SWAT tactics previously questioned by DOJ

The use of flash-bang grenades by SWAT to get suspects to follow commands has been highlighted as a concern before, most notably in the November 2020 Independent Monitor’s Report (IMR), a part of the DOJ oversight of the department.

According to the IMR, SWAT was called to assist APD’s Investigation Division with the arrest of a suspect accused of armed robbery who had barricaded himself inside a home.

“When communications via loudspeaker failed and telephone calls to the suspect’s cell phone went unanswered, officers deployed two noise-flash diversionary devices (NFDD) outside the residence to stimulate a response from the suspect,” the report states. “When no response was received, two rounds of 40 mm direct impact sponge rounds were deployed through a window of the residence to facilitate better communications.”

The problem is, there’s no evidence that these tactics are useful, in fact, the IMR indicates there’s no rational basis for the use of various ammunitions in this sort of situation, which is hauntingly similar to the incident last week where Kelley was arrested and Rosenau died.  

“In short, the use of various 'excuses' for the deployment of 40mm rounds during tactical operations—for tangential reasons—continues unabated,” The report states. “We consider this an issue of deliberate non-compliance at this point.”

APD said it used powder irritants inside the home, and APD Public Information Officer Gilbert Gallegos confirmed yesterday that the tactical team regularly uses 40mm sponge rounds to deploy the powders. In summation, the 40mm rounds the IMR noted were used inappropriately in previous situations were the same rounds used in the same way during the Kelley arrest that resulted in Rosenau’s death.

“More importantly, it continues to be apparent that APD has not had and currently does not have an appetite for taking serious approaches to control excessive or unwarranted uses of force during its police operations in the field.”

Independent Monitor's 13th Report, May 2021

That’s not the only problem, according to the federal monitor in a May 2021 report. APD uses a “layered response,” which is a coordinated and simultaneous deployment of multiple kinds of force without the independent assessment of the effectiveness of each.
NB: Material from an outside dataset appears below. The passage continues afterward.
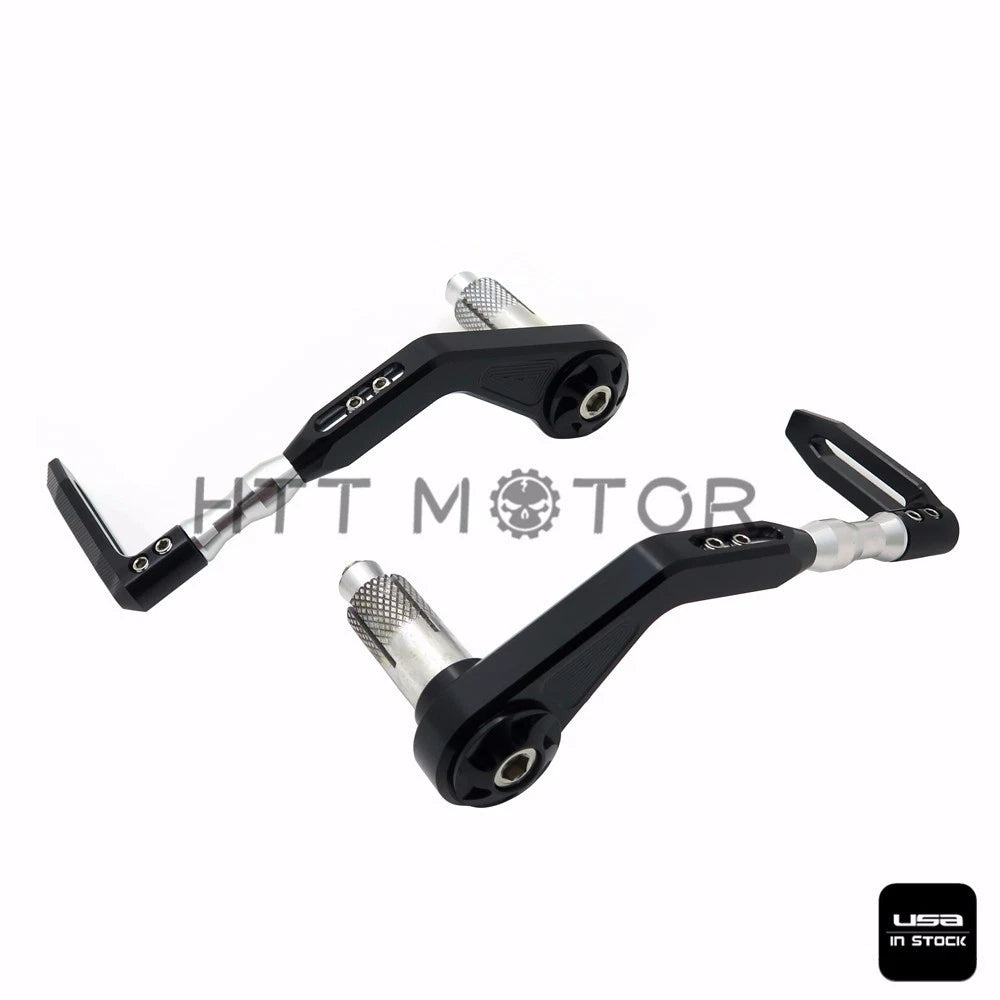 22mm Brake Clutch Lever Handguards for Street Dirt Bike Motorcycle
But according to the IMR, it’s not only the deployment of force but the failure to take a serious approach to control excessive force that concerned federal monitors.  

“More importantly, it continues to be apparent that APD has not had and currently does not have an appetite for taking serious approaches to control excessive or unwarranted uses of force during its police operations in the field,” the May 2021 report states.  “Command and control practices regarding the use of force continue to be weak. APD continues to lack the ability to consistently ‘call the ball’ on questionable uses of force, and at times is unable to ‘see’ obvious violations of policy or procedure related to its officers’ use of force.”
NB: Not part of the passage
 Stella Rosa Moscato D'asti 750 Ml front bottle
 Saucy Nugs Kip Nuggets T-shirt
Attorney General is on the case

They have asked New Mexico Attorney General Hector Balderas to review the case.

During his tenure, Balderas has a questionable track record of holding officers accountable. We’ve reported before on the lackluster performance of the Law Enforcement Academy Board, which Balderas chairs by virtue of his position.

Yesterday, another blow to police accountability was dealt when a judge dismissed 2nd-degree murder charges against former Las Cruces Police Department officer Christopher Smelser in a case prosecuted by Balderas’s office.

It’s unclear when any review into APD’s use of SWAT and Rosenau’s death will take place. Balderas’s office has not yet completed its review of the March 2022 shooting of David Aguilera by Chaves County Sheriff’s Office deputies, and a spokesperson for Balderas has repeatedly highlighted a lack of resources and funding for these large and costly investigations.

When Balderas’s office does complete its review, it’s likely that they will be tasked with answering key questions, including whether or not Rosenau was a hostage inside the home and who made the determination regarding his status.

For now, The Paper. is waiting for additional records of the incident to be released by the Albuquerque Police Department and other agencies.